Le terme mulâtre, emprunté au portugais mulato, est apparu en 1544 en français dans l'ouvrage de Jean Fonteneau La Cosmographie avec l’espère et régime du soleil du nord dans le sens général de métis. Ce n'est qu'en 1604 chez François Martin de Vitré[2] que le substantif prend son acception actuelle : « Il y a quelques mulastres ou mestis c'est-à-dire personnes issus d'hommes blancs et de femmes noires »[3].
Le terme mulato ou mulata est utilisé en portugais pour désigner des métis. Au Brésil, la mulata est encensée durant le carnaval, notamment dans des chansons spécifiques (marchinhas)[4].

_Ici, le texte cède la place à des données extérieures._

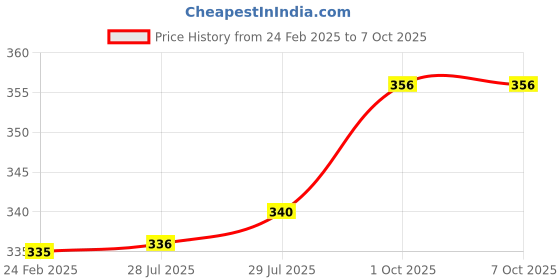 firstcry.com Babyoye Flip Flops with Velcro Closure & Leaves Print - Red babyoye Price History Graph from 24 Feb 2025 to 6 Oct 2025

Muladi est une des origines possibles du terme espagnol et portugais mulato. Selon le dictionnaire de l'Académie royale espagnole, muladi signifie « l'Espagnol chrétien qui, pendant la domination islamique en Espagne, a embrassé l'islam et a vécu parmi les musulmans »[5], tandis que Bernards et Nawas disent que la forme plurielle du mot semble être restreinte à Al-Andalus, presque exclusivement aux régions de Mérida, Grenade, Séville et Jaén.
Les mots espagnol, portugais et catalan sont dérivés eux-mêmes du terme arabe muwallad dont le sens fondamental est « personne d'ascendance mixte », en particulier un descendant de père arabe et de mère non-arabe, qui a grandi sous l'influence d'une société arabe et a été instruit dans la culture islamique, ou bien des hommes musulmans et des femmes étrangères non musulmanes. Muladi est la forme espagnole du terme muwalladun, désignant les musulmans de langue arabe d'origine hispanique qui se sont rebellés pour l'égalité des Hispaniques et contre la domination arabe. Selon Dozy, Muwallad signifie « quiconque, sans être d'origine musulmane, naît parmi les musulmans et a été élevé comme un Arabe »[6]. Le mot, selon lui, n'implique pas nécessairement d'ascendance arabe, qu'elle soit paternelle ou maternelle.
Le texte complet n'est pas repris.